Brief: Look in the material below for the line with "Motorcycle wheel with" and the line with "5204 Stonewall Rd, Little", then set down exactly those two lines and all lines between, nothing more.

Given information:
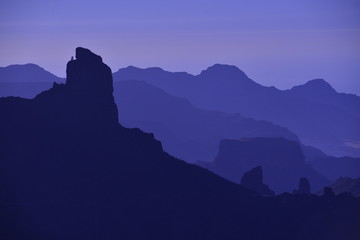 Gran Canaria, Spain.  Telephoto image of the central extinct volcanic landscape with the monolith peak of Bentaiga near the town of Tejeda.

...

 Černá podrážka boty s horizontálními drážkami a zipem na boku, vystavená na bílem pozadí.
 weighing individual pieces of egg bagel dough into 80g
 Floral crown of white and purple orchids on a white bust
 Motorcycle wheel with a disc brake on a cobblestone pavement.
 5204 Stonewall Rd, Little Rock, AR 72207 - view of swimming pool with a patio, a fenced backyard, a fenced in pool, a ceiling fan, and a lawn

Output of the exercise:
 Motorcycle wheel with a disc brake on a cobblestone pavement.
 5204 Stonewall Rd, Little Rock, AR 72207 - view of swimming pool with a patio, a fenced backyard, a fenced in pool, a ceiling fan, and a lawn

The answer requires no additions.